# Koi Angelfish anyone?



## Lexus (Jan 19, 2005)

I found this cool site with Koi Angelfish 
http://www.angelsplus.com/galry-koi.htm

anybody have these?
Do you guys think they're pretty?
Tell me what you think!
I think they are pretty funky looking! :|


----------



## Obed Mathis (Jan 21, 2005)

Koi as they are commonly called are a gold marble blushing. They kind of grow on you. They are at the moment one of the hottest selling varieties, demanding the highest prices on the market.
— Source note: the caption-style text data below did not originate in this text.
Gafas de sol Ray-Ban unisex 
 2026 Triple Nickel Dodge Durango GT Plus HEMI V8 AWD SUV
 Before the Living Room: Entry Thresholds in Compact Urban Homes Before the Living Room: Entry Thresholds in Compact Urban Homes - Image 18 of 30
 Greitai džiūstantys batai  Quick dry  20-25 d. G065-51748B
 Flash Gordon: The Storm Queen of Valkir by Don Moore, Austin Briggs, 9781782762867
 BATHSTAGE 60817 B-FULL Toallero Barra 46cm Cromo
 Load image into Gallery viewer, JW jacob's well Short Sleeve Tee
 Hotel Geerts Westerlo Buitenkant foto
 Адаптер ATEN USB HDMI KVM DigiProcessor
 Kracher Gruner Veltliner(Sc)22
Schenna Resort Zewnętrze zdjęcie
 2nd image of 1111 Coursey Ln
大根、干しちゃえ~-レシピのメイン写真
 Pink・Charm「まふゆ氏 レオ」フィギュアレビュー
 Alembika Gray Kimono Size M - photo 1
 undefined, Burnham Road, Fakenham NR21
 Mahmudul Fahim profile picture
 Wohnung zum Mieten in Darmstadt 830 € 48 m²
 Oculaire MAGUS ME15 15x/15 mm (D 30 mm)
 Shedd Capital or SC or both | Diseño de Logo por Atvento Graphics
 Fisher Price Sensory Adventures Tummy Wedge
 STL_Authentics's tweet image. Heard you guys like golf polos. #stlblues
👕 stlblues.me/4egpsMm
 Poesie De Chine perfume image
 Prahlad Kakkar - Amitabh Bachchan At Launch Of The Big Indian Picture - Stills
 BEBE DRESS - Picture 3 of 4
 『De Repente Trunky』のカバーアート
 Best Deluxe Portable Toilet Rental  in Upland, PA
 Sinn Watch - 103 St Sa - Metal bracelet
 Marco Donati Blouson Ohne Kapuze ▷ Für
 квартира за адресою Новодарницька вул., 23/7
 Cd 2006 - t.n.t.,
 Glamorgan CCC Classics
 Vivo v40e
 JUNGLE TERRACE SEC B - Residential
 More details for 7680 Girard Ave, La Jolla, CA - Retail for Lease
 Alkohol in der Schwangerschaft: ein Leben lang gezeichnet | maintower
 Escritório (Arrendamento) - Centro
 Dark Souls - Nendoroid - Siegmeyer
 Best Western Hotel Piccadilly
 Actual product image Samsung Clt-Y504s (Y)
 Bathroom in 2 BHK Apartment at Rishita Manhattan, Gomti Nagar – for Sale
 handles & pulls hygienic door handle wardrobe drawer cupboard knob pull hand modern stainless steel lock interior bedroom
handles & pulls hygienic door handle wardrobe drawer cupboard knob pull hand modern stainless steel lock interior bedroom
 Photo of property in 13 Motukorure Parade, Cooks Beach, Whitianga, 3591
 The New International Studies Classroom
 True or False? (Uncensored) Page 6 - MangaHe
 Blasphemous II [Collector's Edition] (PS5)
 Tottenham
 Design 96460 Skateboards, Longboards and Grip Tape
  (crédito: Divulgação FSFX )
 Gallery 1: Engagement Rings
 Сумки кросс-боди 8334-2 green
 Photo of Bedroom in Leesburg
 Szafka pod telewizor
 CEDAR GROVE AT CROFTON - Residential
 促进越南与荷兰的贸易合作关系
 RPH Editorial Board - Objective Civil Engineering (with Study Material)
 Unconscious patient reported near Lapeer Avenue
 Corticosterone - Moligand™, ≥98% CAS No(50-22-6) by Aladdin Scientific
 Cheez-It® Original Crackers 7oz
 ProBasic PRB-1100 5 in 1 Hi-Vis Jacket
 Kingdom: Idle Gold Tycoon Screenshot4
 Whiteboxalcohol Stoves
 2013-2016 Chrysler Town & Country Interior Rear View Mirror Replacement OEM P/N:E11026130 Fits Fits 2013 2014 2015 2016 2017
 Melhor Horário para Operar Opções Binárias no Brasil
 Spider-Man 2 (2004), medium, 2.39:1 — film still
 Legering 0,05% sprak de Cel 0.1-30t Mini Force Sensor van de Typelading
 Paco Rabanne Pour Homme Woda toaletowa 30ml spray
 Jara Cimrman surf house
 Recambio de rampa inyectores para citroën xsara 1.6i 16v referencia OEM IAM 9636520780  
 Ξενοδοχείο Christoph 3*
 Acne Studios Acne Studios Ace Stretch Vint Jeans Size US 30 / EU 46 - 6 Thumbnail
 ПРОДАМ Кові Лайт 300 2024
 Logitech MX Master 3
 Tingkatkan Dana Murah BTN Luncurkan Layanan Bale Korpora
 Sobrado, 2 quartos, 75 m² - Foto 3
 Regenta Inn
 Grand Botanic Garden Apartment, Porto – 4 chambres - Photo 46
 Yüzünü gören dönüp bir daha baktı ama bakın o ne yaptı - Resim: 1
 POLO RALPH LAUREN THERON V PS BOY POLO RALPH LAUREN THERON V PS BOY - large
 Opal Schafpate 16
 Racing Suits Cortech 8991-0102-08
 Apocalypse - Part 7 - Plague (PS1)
I currently have one breeding pair of Sallie Boggs Koi and I have 9 from angels plus of the standard koi that will be breeding age in about 2 months, I also have 8 of angelsplus top koi which have a 75% body coverage in orange that will breeding age in about 5 months.


----------



## BubblesHunny (Mar 14, 2005)

My Mom has a couple of them...I think they are just beautiful!


----------



## Gunnie (Jan 20, 2005)

I love mine! :wink:


----------



## buddah101 (Mar 20, 2005)

Wow gunnie, you always impress me with those angles!


----------



## Gunnie (Jan 20, 2005)

Thank you Buddah! Are you following me? (hehehe)


----------